- Your objective -
The reply should hold every record, copied exactly, and none of the pictures.

[[ Records to process open ]]

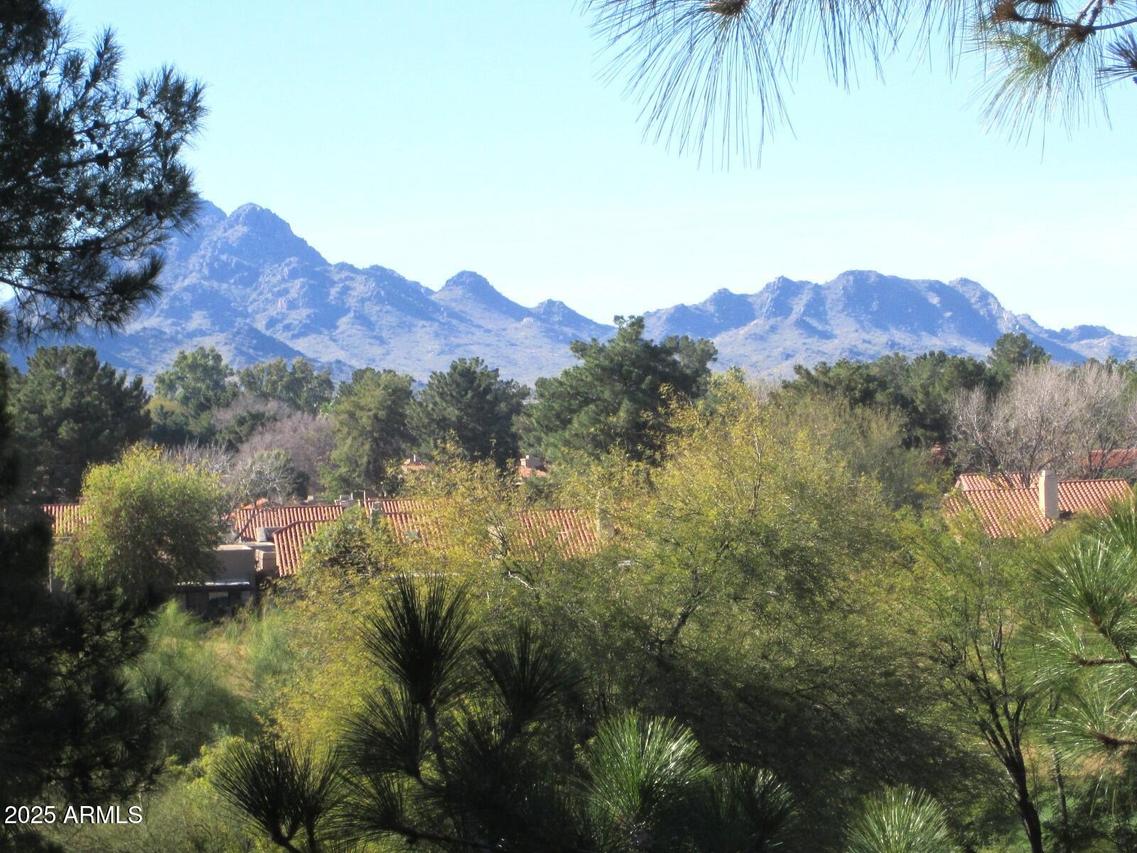 4303 E Cactus Rd. #331, Phoenix, AZ 85032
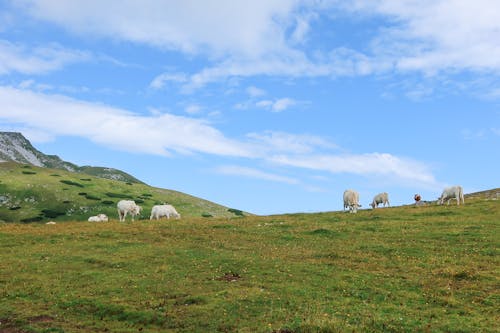 Cows in the mountain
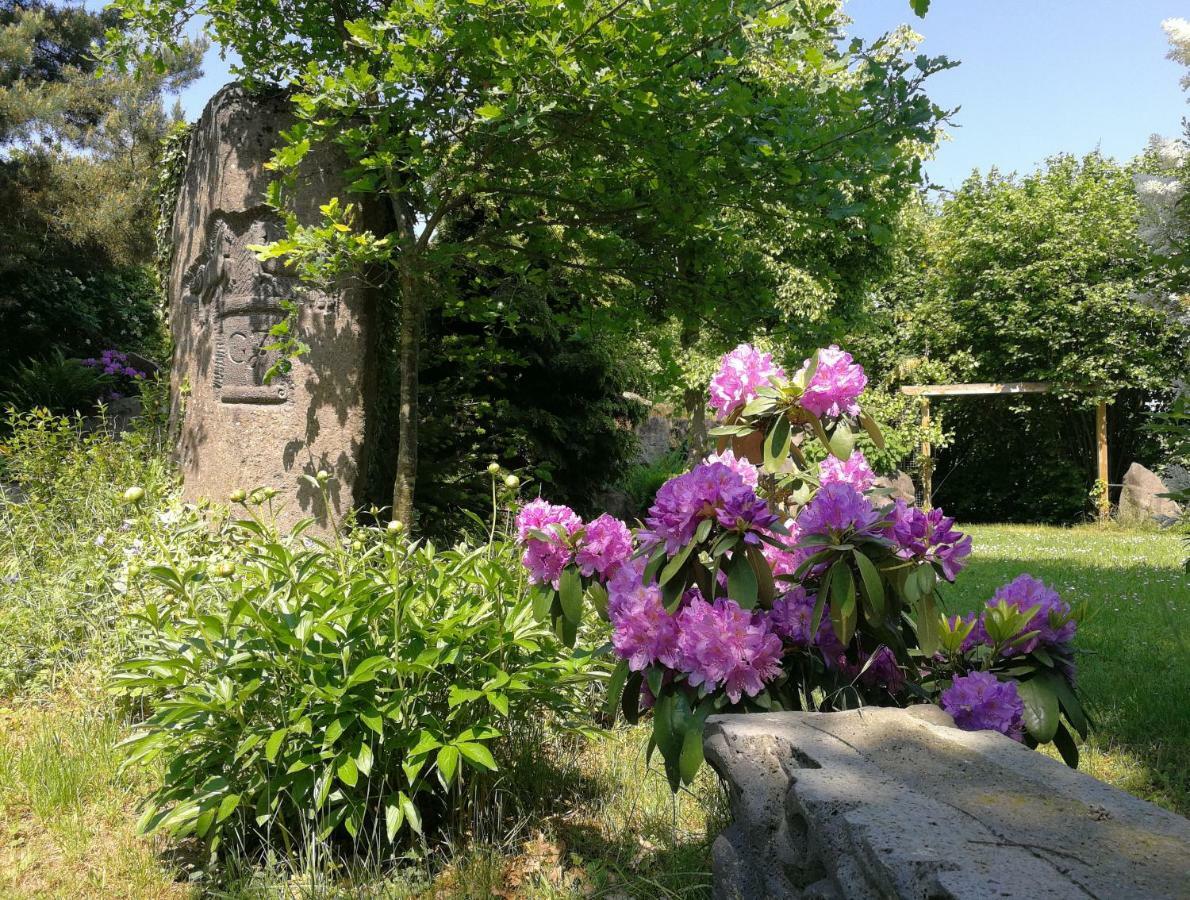 Wandertraum Johann - Fewo Eifel Kruft ภายนอก รูปภาพ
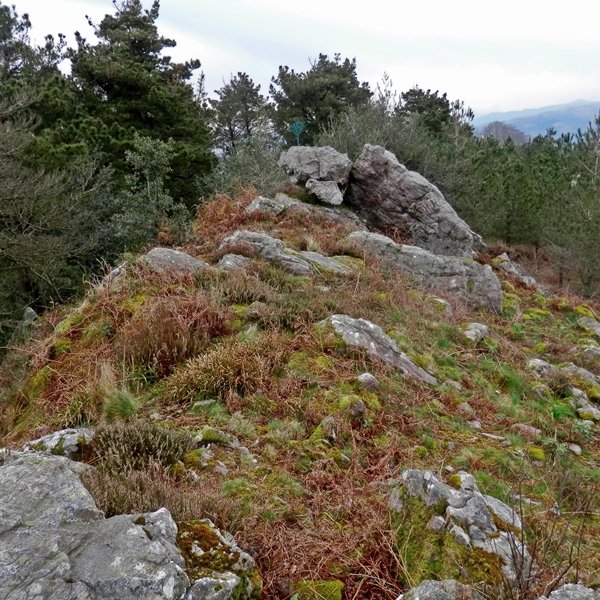 Tontorra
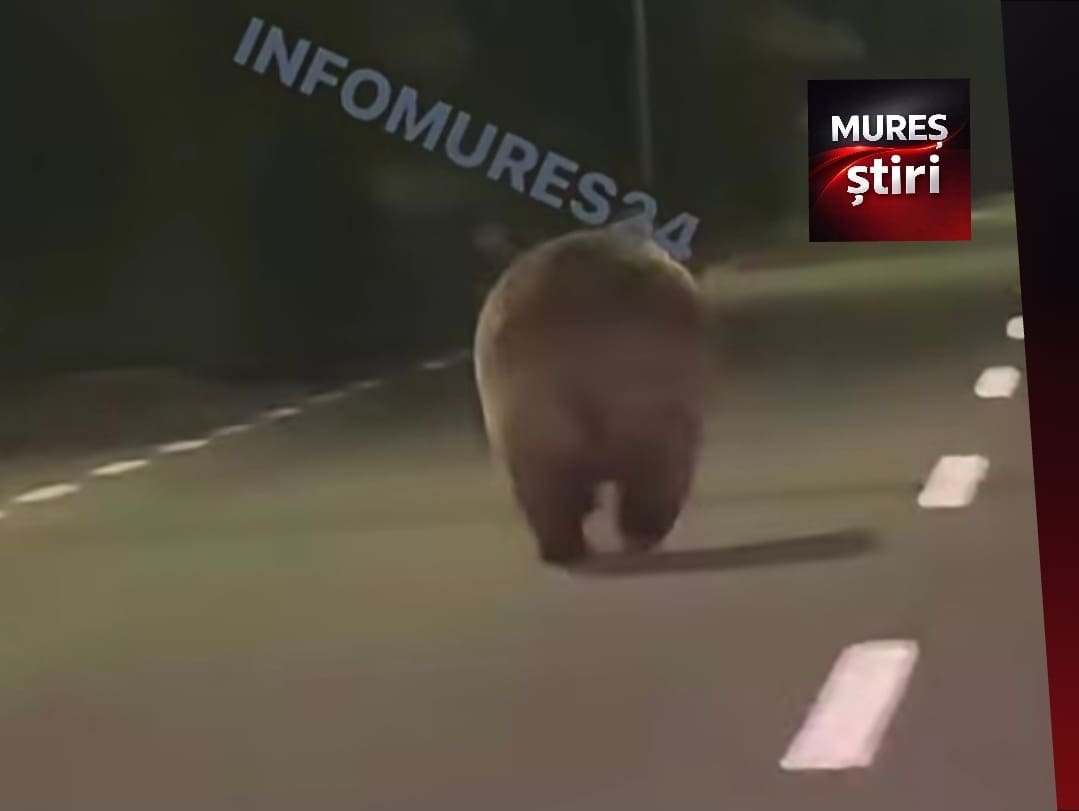 alerta-la-bistra-muresului:-urs-urias-surprins-pe-sosea!
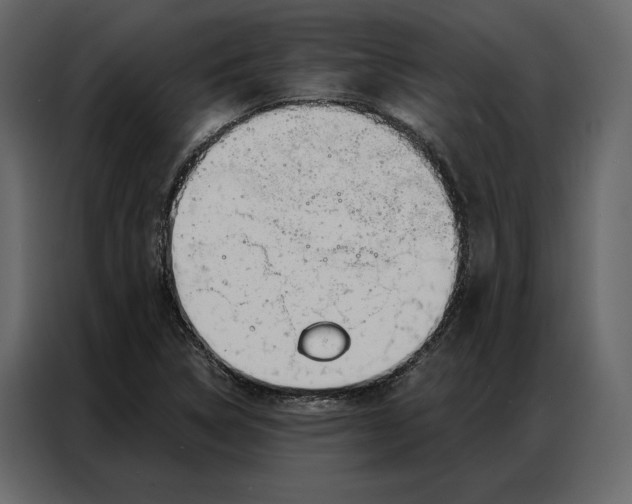 X0000086981314200705071409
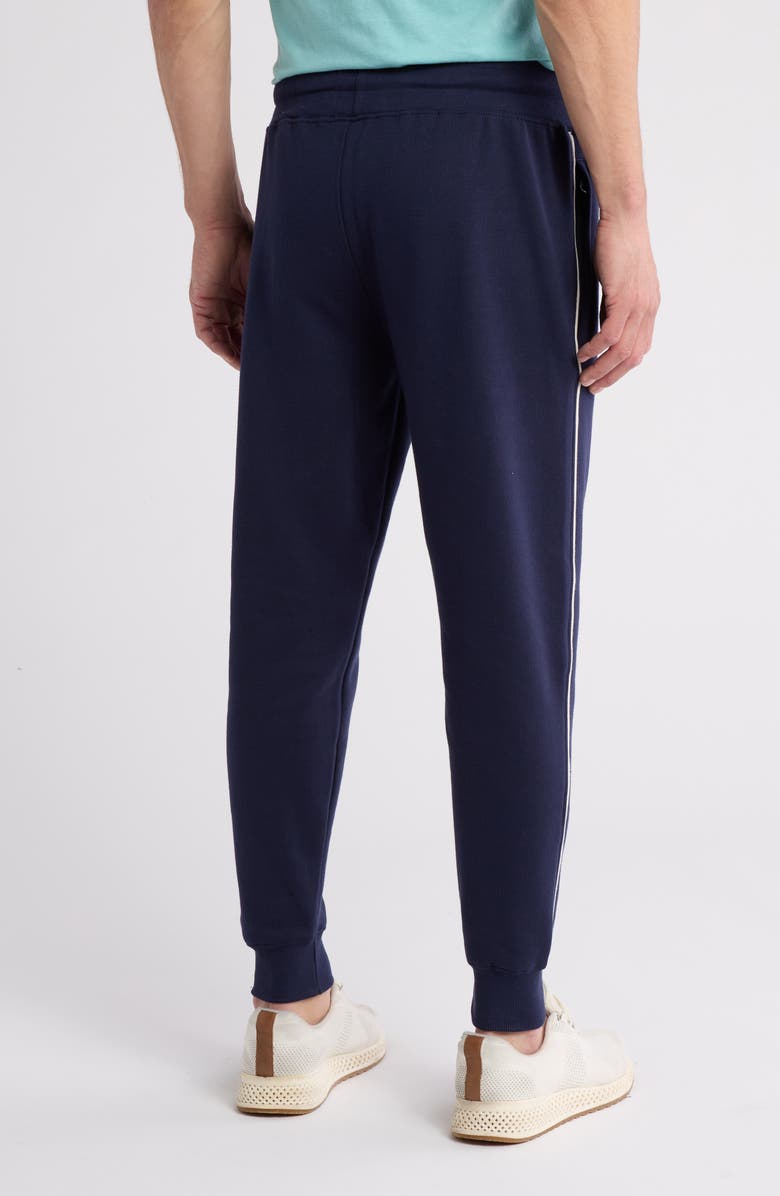 Cotopaxi Organic Cotton Blend Sweatpants, Alternate, color,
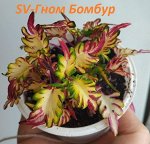 Колеус Гном Бомбур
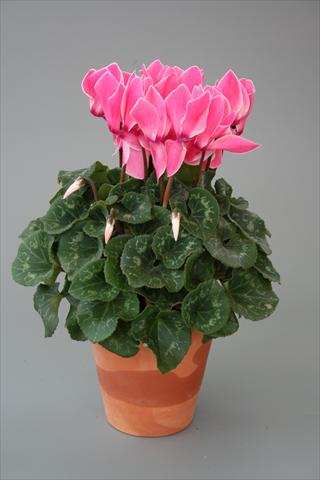 photo of flower to be used as: Pot, bedding, patio Cyclamen persicum Maxora Salmon flamed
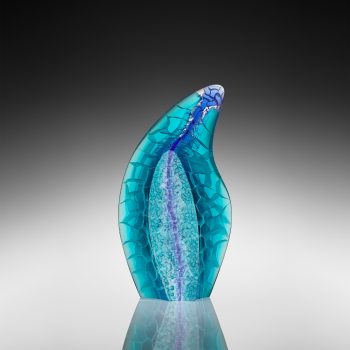 Seaforms 428-24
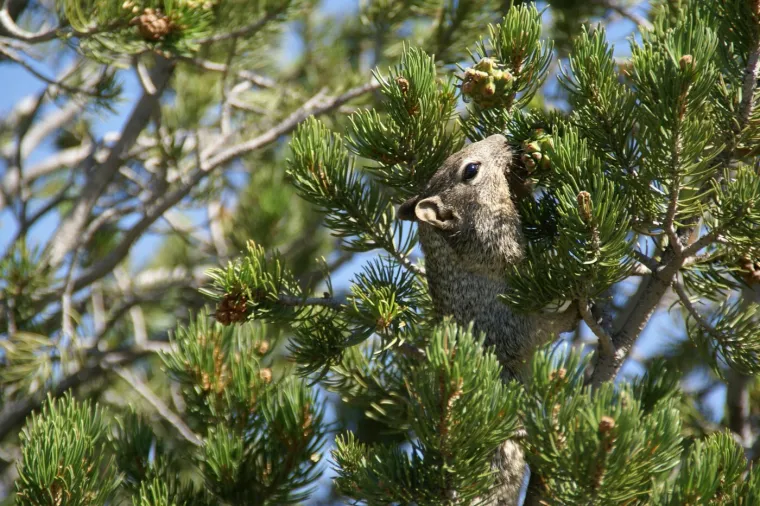 Jedno od najvećih čuda svijeta slavi rođendan: 'Priroda je na njemu radila stoljećima'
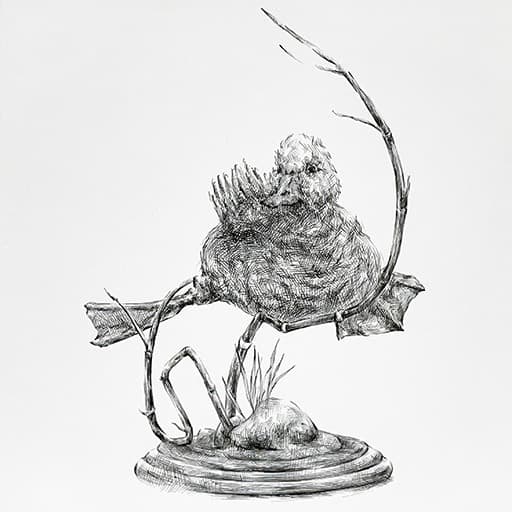새 박제 Bird Taxidermy #2 · 종이 판넬에 펜 · 25x25cm · 2021 (출처= 갤러리조선) · Bird Taxidermy #2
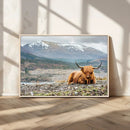Highland Cow Horn Farm Wall Art Canvas Print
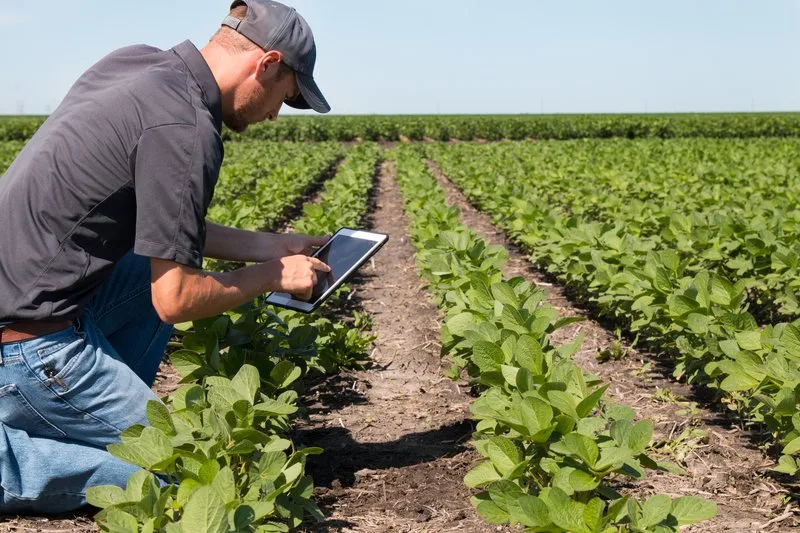 Landwirt mit Tablett auf dem Bohnenfeld (Soja). (Symbolbild Shutterstock)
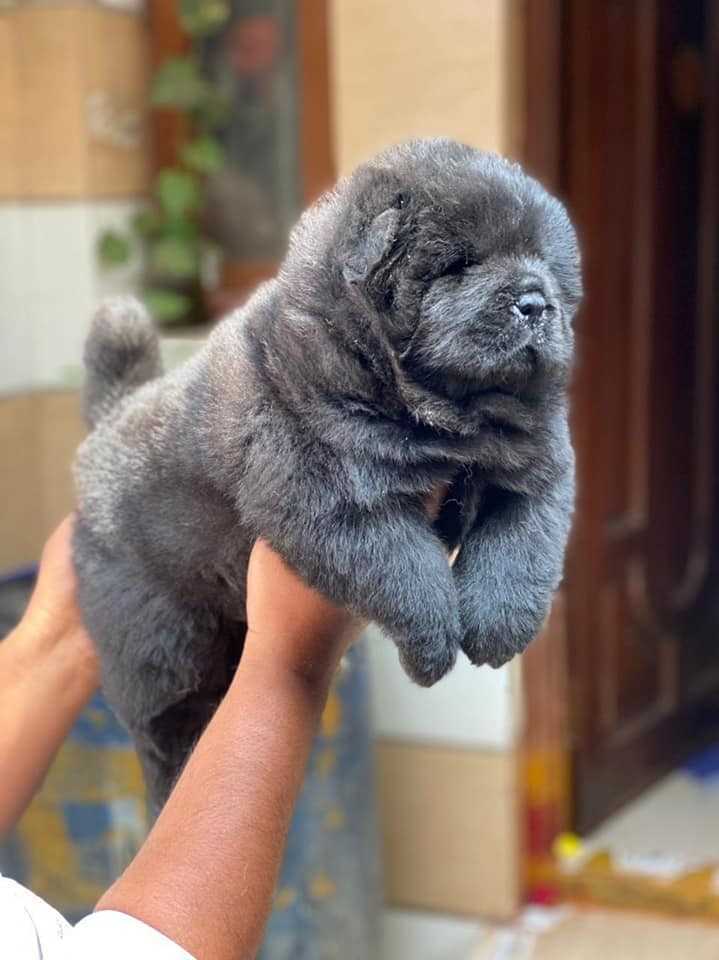 Chow Chow For Sale In Indore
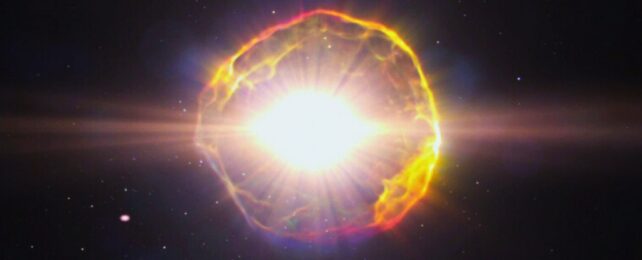 Violent Supernovae Could Have Triggered at Least 2 Extinction Events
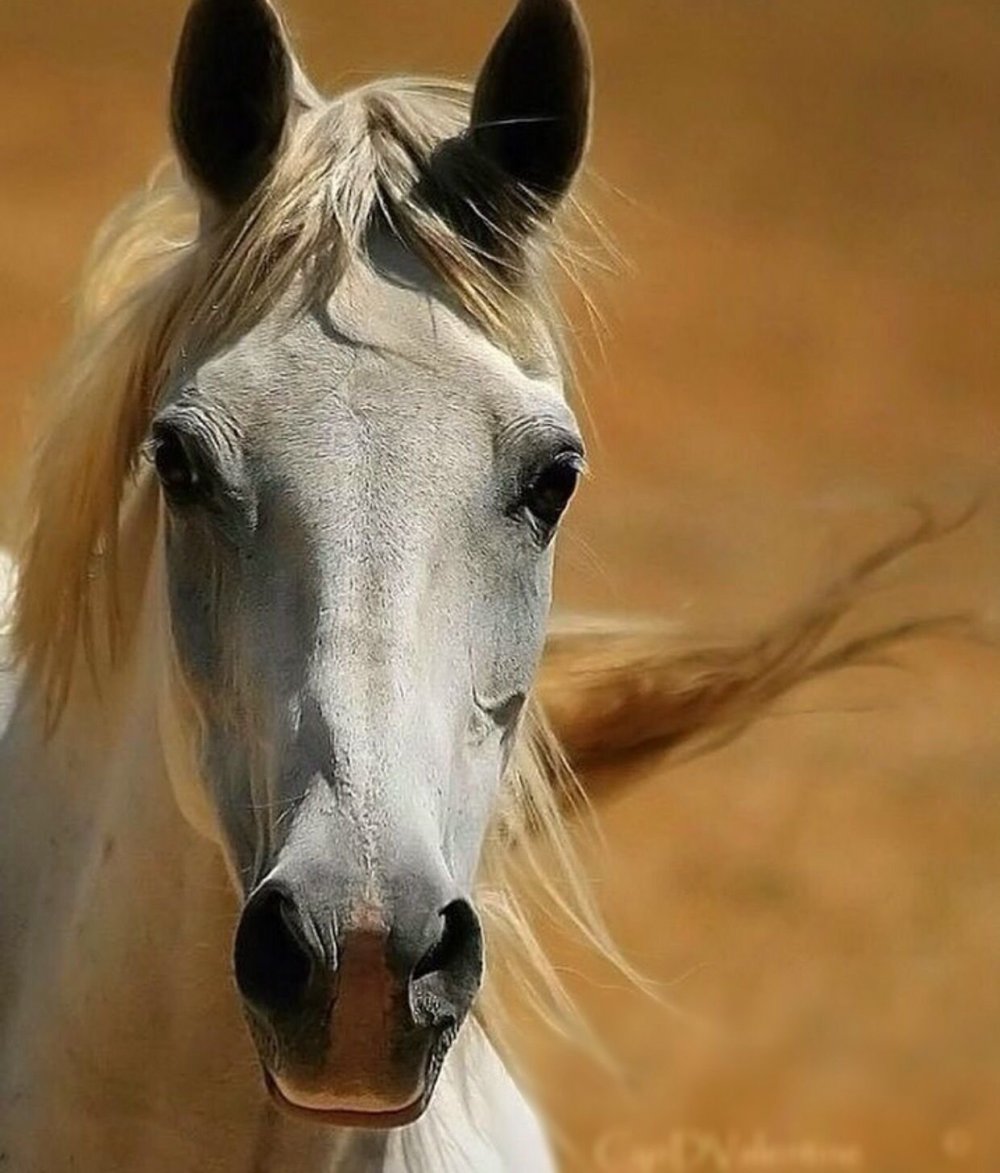 Красивые морды лошадей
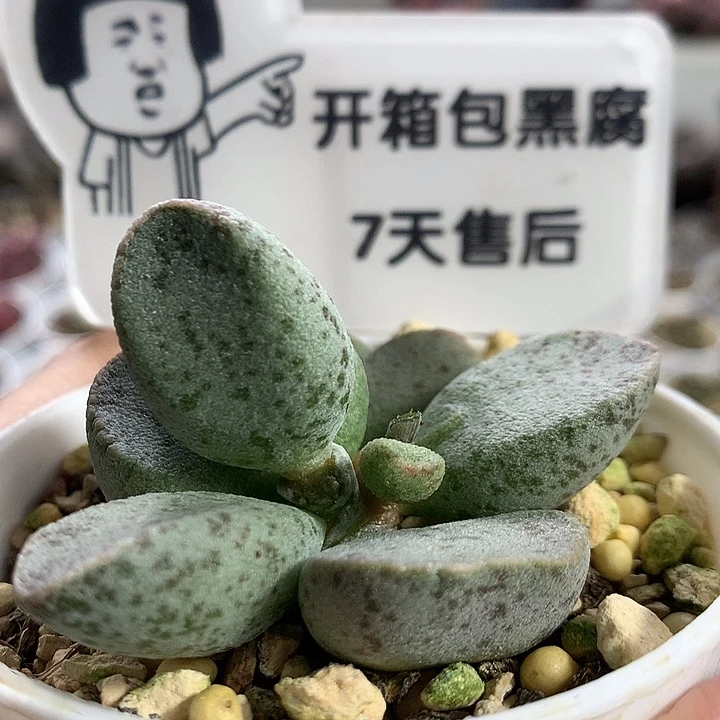 【A7013】精品实生专拍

[[ Records to process closed ]]

- Finished task -
 4303 E Cactus Rd. #331, Phoenix, AZ 85032
 Cows in the mountain
 Wandertraum Johann - Fewo Eifel Kruft ภายนอก รูปภาพ
 Tontorra
 alerta-la-bistra-muresului:-urs-urias-surprins-pe-sosea!
 X0000086981314200705071409
 Cotopaxi Organic Cotton Blend Sweatpants, Alternate, color,
 Колеус Гном Бомбур
 photo of flower to be used as: Pot, bedding, patio Cyclamen persicum Maxora Salmon flamed
 Seaforms 428-24
 Jedno od najvećih čuda svijeta slavi rođendan: 'Priroda je na njemu radila stoljećima'
새 박제 Bird Taxidermy #2 · 종이 판넬에 펜 · 25x25cm · 2021 (출처= 갤러리조선) · Bird Taxidermy #2
Highland Cow Horn Farm Wall Art Canvas Print
 Landwirt mit Tablett auf dem Bohnenfeld (Soja). (Symbolbild Shutterstock)
 Chow Chow For Sale In Indore
 Violent Supernovae Could Have Triggered at Least 2 Extinction Events
 Красивые морды лошадей
 【A7013】精品实生专拍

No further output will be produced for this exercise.